▶ BRIEF
Every line of the material below needs to be copied exactly; omit the pictures.

▶ DATASET SECTION
════════
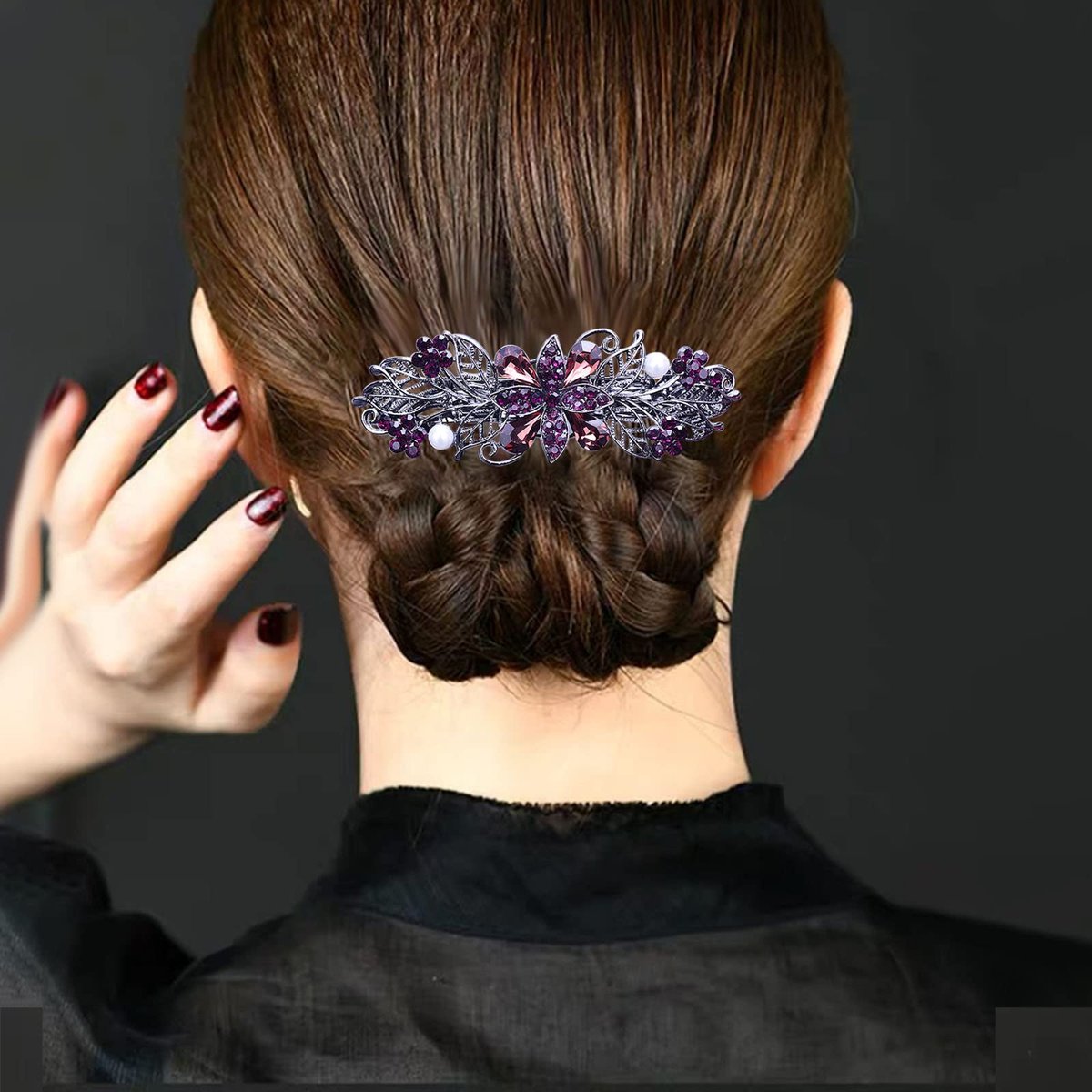 4 PCS Flower Crystal Rhinestone Hair Barrettes for Women - Pearl Spring Clip Ponytail Holders, Fashion Hair Accessories for Daily Wear (Blue, Gold) - görsel 9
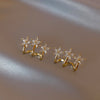 Korea Design Jewelry Exquisite Copper Set Zircon Three Flower Earrings  Shiny Women's Daily Accessories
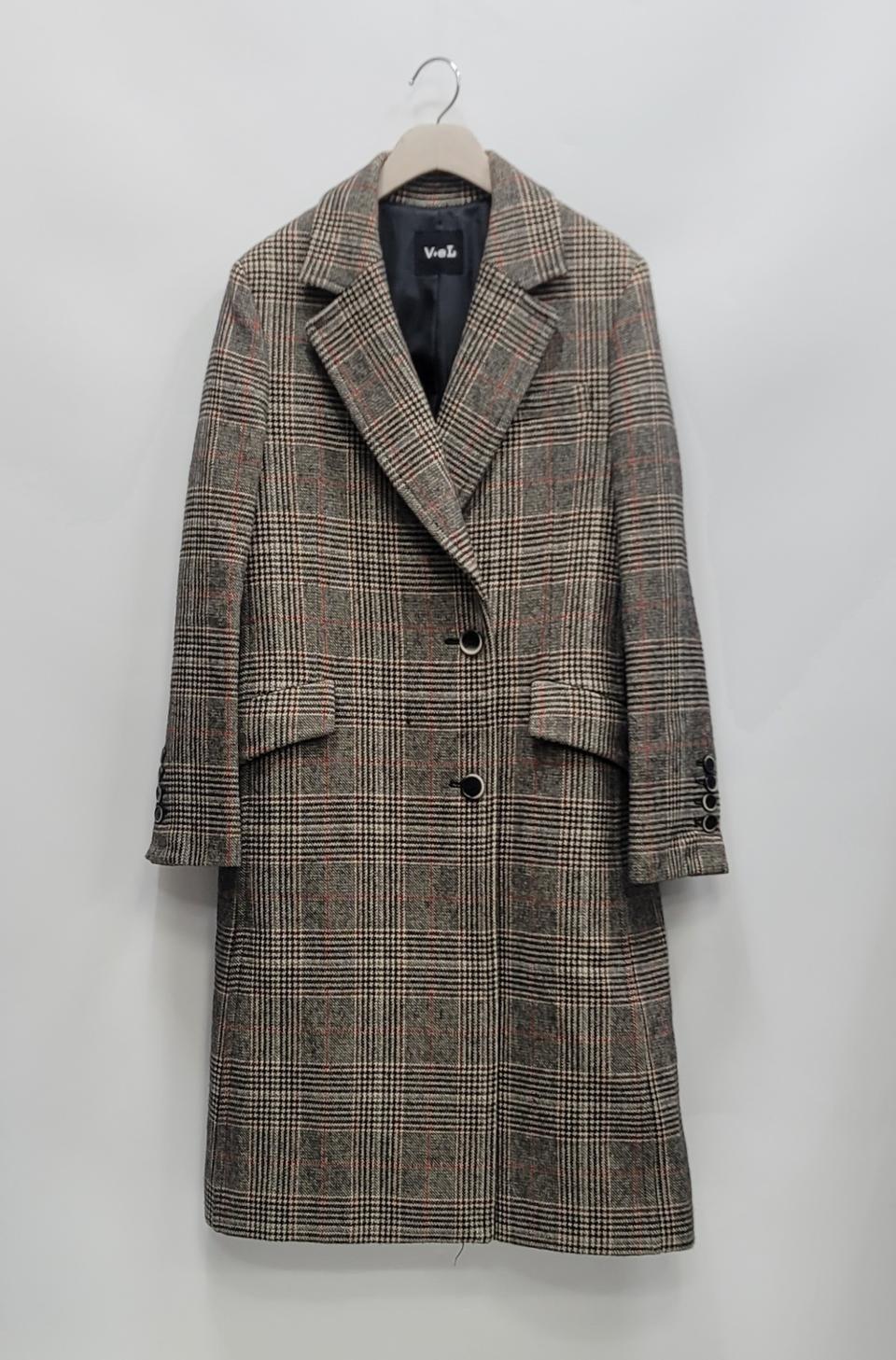 보브 V+eL 체크 코트 / 여 55 (82-94-160)
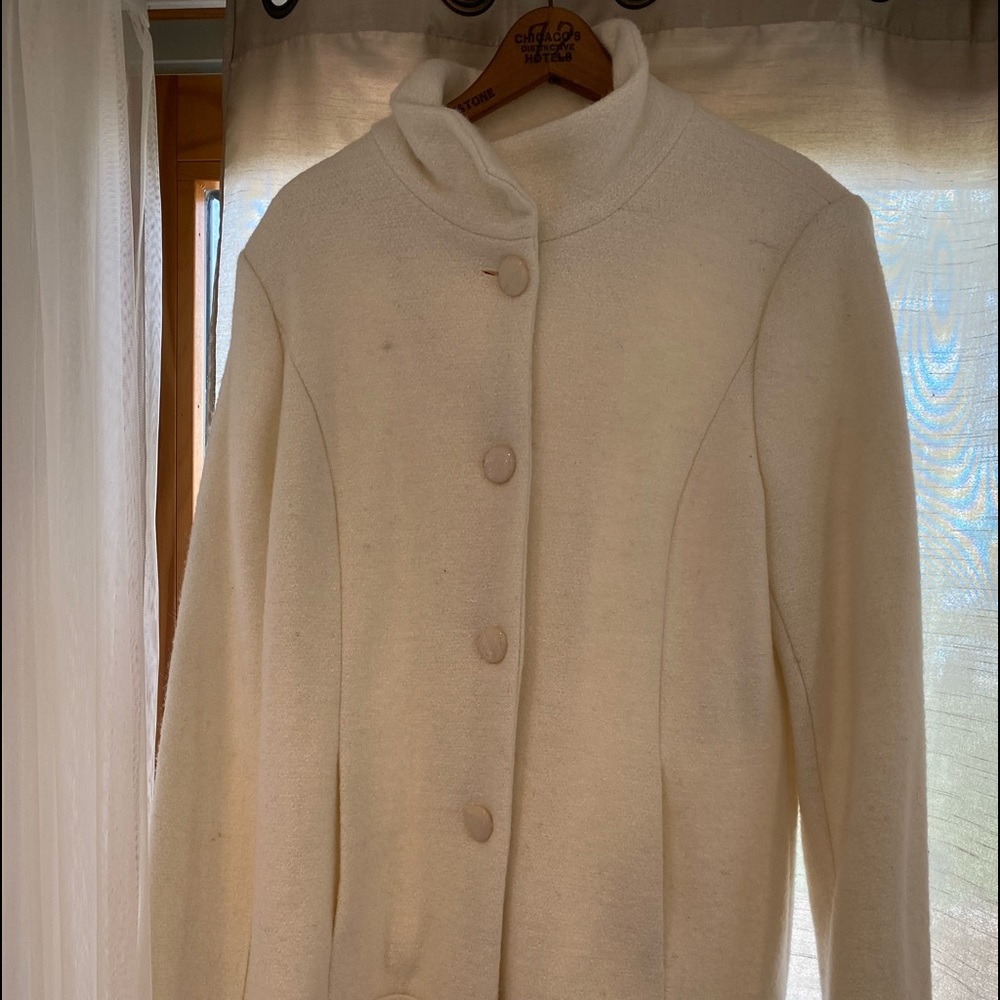 Vintage Kensie XL wool white flared coat pink stripe lined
════════
▶ RESPONSE TO THIS EXERCISE
 4 PCS Flower Crystal Rhinestone Hair Barrettes for Women - Pearl Spring Clip Ponytail Holders, Fashion Hair Accessories for Daily Wear (Blue, Gold) - görsel 9
 Korea Design Jewelry Exquisite Copper Set Zircon Three Flower Earrings  Shiny Women's Daily Accessories
 보브 V+eL 체크 코트 / 여 55 (82-94-160)
 Vintage Kensie XL wool white flared coat pink stripe lined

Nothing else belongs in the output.